To further interrogate the evolutionarily conserved (and minimal TcdB) translocase, we also produced TcdB 851–1473 in a hybrid TcdB-DT system, with the GTD and CPD of TcdB and the receptor-binding domain of DT, such that the chimera was GTD-CPD-[TcdB(851–1473)]-DTR (Fig. 6a, Supplementary Fig. 6b). To evaluate translocation, we assessed cell rounding and Rac1 glucosylation (both direct measures of GTD translocation into the cytosol) and intoxication (indirect measure of GTD translocation into the cytosol). TcdB 851–1473 caused cells to round (Fig. 6b), glucosylated Rac1 (Fig. 6c) and intoxicated cells (Fig. 6d), while GTD-CPD-DTR lacking any of the TcdB T-domain did not cause cells to round and was non-toxic, reinforcing TcdB 851-1473 as an evolutionarily conserved and functional translocase region.
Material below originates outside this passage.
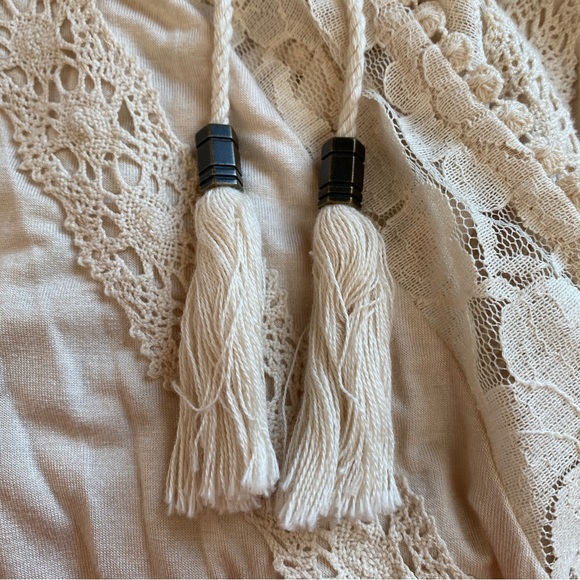 Alya boho peasant long sleeve vneck faux wrap top with embroidered lace design - Picture 6 of 6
Fig. 6: TcdB 851-1473 functions as a translocase in a hybrid TcdB-DT context.
figure 6

a Construct design of GTD-CPD-[TcdB(800–1834)]-DTR (800–1834), GTD-CPD-[TcdB(851–1473)]-DTR (851–1473) and GTD-CPD-DTR (ΔT-domain). b Light microscopy images of Vero cells with no toxin (untreated), 800–1834, 851–1473 or ΔT-domain after 3 h. All proteins were added to cells at a final concentration of 1 nM. c Western blot to detect total Rac1, non-glucosylated Rac1 in untreated Vero cells, and in cells treated with TcdB or 851–1473. All proteins were added to cells at a final concentration of 1 nM. d Fraction cell viability of Vero cells incubated with 851–1473, with 1.0 indicating 100% viable cells and 0 indicating 0% viable cells. N = 4 for all experiments. Source data are provided as a Source Data File for Fig. 6c.
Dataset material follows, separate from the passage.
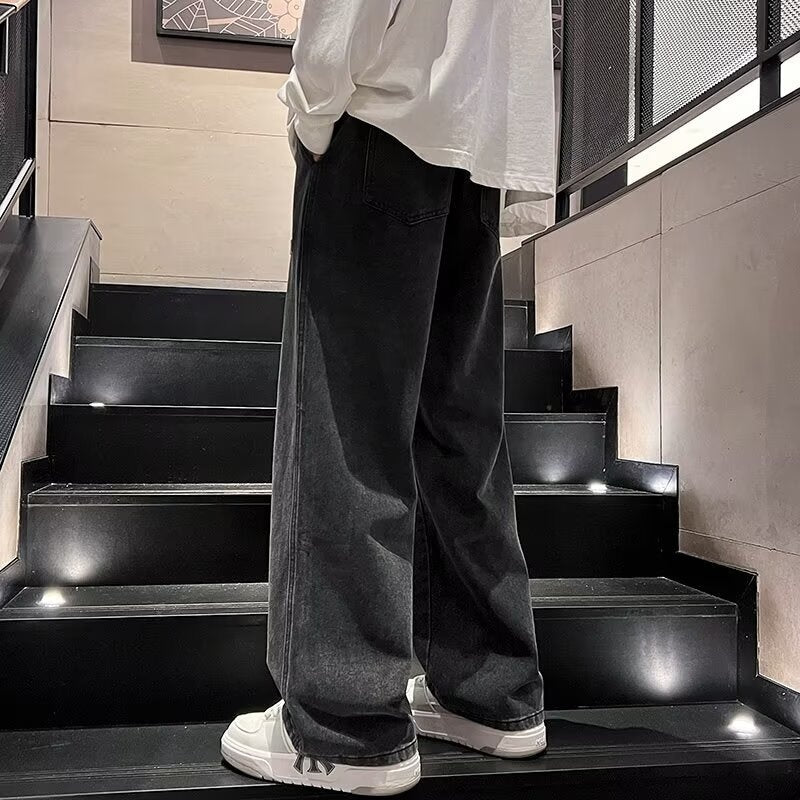 Jeans Décontractés à Coupe Ample et Jambes Larges pour Homme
The ECT is an autonomous pH-dependent translocase

In context of the entire TcdB T-domain, the ECT extends from one end of the T-domain to the other, is a mixture of both helical and β-sheet content and generally does not look like an independently folded protein domain (Fig. 7a); further, no studies have shown that smaller fragments of the T-domain retain pore formation and translocation activity. We recombinantly produced the ECT from TcdB, which is strikingly soluble, stable and amenable to characterization (Supplementary Fig. 6c). The ECT on its own was still functionally active, exhibiting pH-dependent pore formation, with maximal dye release at pH 4.0 and minimal dye release above pH 5.0 (Fig. 7b). At low pH and in aqueous solution (i.e. pH 4.0, 4.5, 5.0), the ECT rapidly aggregated out of solution as expected. By contast, in presence of the membrane mimetic, dodecylphosphocholine (DPC) the ECT remained in solution and soluble (Fig. 7c, d). Interestingly, in contrast to its structure in context of the full-length T-domain, the ECT had characteristic circular dichroism (CD) spectra of a helical protein, suggesting the ECT undergoes structural changes en route to and when inserted into the membrane (Fig. 7e, f). Taken together, our data indicate that the ECT is an autonomous, folded and functionally active protein translocase.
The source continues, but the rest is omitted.